KevM / tikaondotnet

Use the Java Tika text extraction library on the .NET platform
http://kevm.github.io/tikaondotnet/
Apache License 2.0
197 stars 72 forks source link

Unable to get the Content of HTML email component stored in Blob #92

Closed abhi004 closed 7 years ago

abhi004 commented 7 years ago

Hi , I am writing HTML formated email to Azure blob and trying to read the blob content by passing the uri but TikaOnDotNet extractor is returning nothing

KevM commented 7 years ago

I confirmed this and am working on a fix. Not sure why the native Tika mechanism is working weirdly.

It is easy to do this your self. Just download the bytes of the web page and call the Extract(byte[]) overload. On Wed, Mar 29, 2017 at 11:45 PM abhi004 notifications@github.com wrote:

Hi , I am writing HTML formated email to Azure blob and trying to read the blob content by passing the uri but TikaOnDotNet extractor is returning nothing

— You are receiving this because you are subscribed to this thread.

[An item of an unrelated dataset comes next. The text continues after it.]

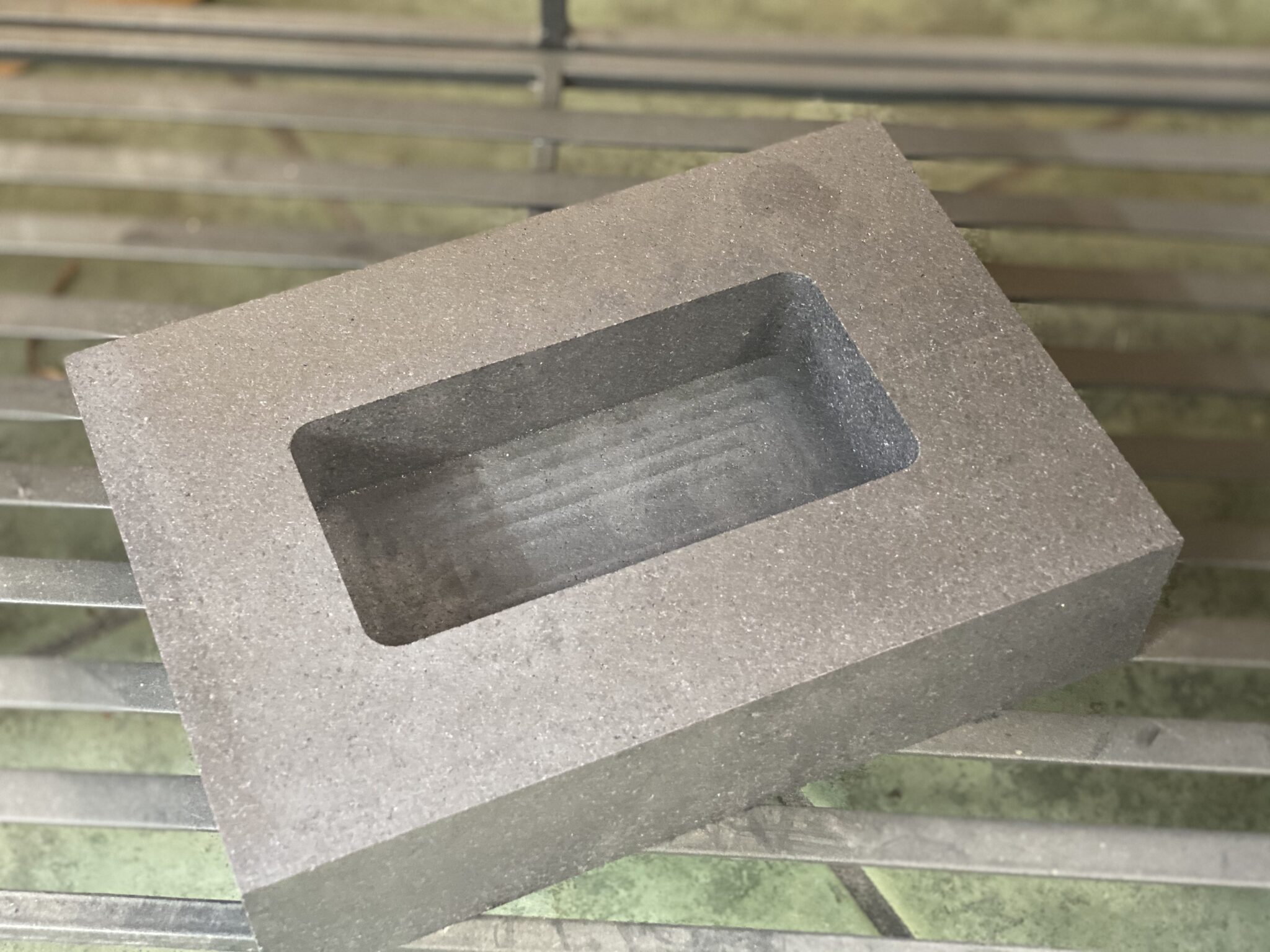 Ingot Mold graphite 50 oz Gold Action Mining Services Inc. Action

Reply to this email directly, view it on GitHub https://github.com/KevM/tikaondotnet/issues/92, or mute the thread https://github.com/notifications/unsubscribe-auth/AAAGHdUDFhGviVB5LIJjPfNiTTOOgLaoks5rqzNXgaJpZM4Mt2_s .

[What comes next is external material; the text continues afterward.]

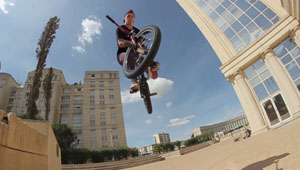 Kenneth Tencio ist von nun an auf einem Superstar-Rad unterwegs und hat mal eben zwei Tage Urlaub in Montpellier gemacht, um ein Video für sie zu filmen.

abhi004 commented 7 years ago

Thanks Kev , I have tried that as well to write into stream but it shows same exception

var bytes = default(byte[]); using (var memstream = new MemoryStream()) {

                    bytes = blob.OpenRead().ToByteArray();
                    var textExtractors = new TextExtractor();
                    var Contentss = textExtractors.Extract(bytes);

Another issue is when you use Nuget package in Azure functions to import TikaOnDotNet it complains about mismatch in assembly . The exception i posted in earlier thread

KevM commented 7 years ago

Are you trying to extract text from the Azure blob or store the results a web URL (html) into a blob?

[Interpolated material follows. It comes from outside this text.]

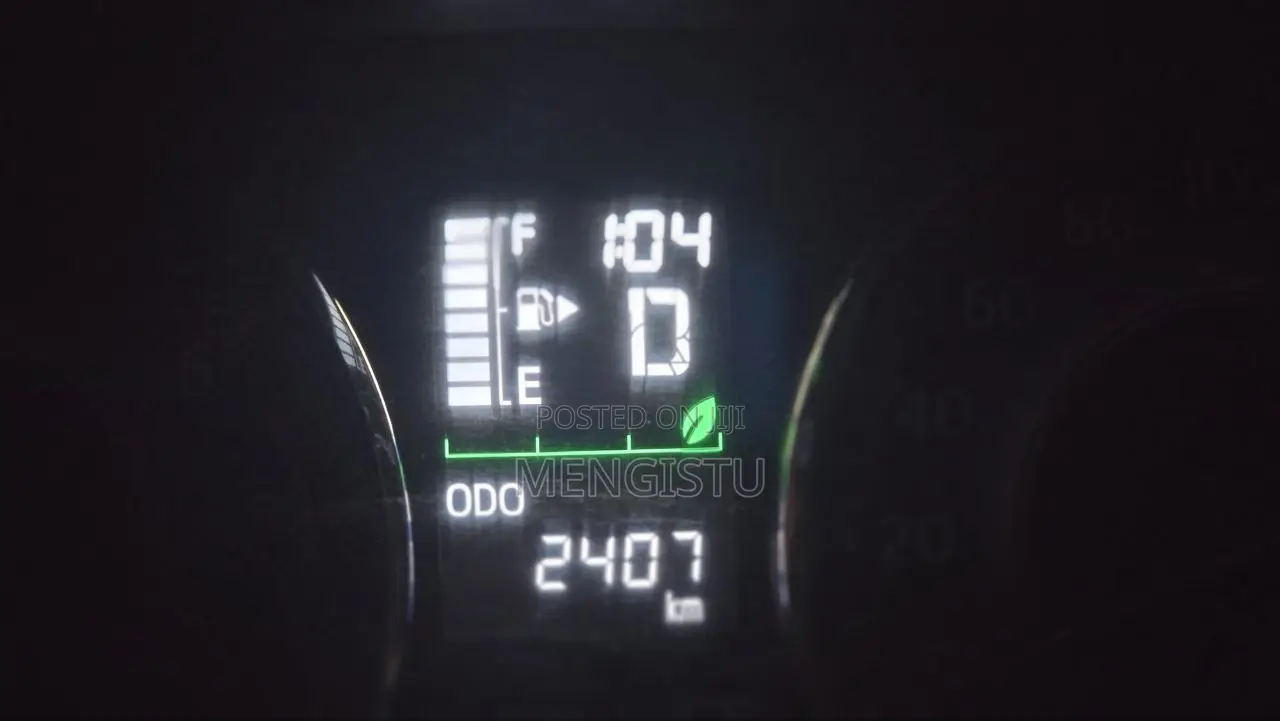 Toyota Rush 2023 Silver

I would double check that the bytes you are putting into Tika are what you are expecting. More details on what you are attempting would be helpful.

KevM commented 7 years ago

Ah I see the same output when I am manually downloading the page. I seems that our ContentHandler events are not getting all the contents of the page.

KevM commented 7 years ago

Duplicate of #84. Moving the conversation about this problem there.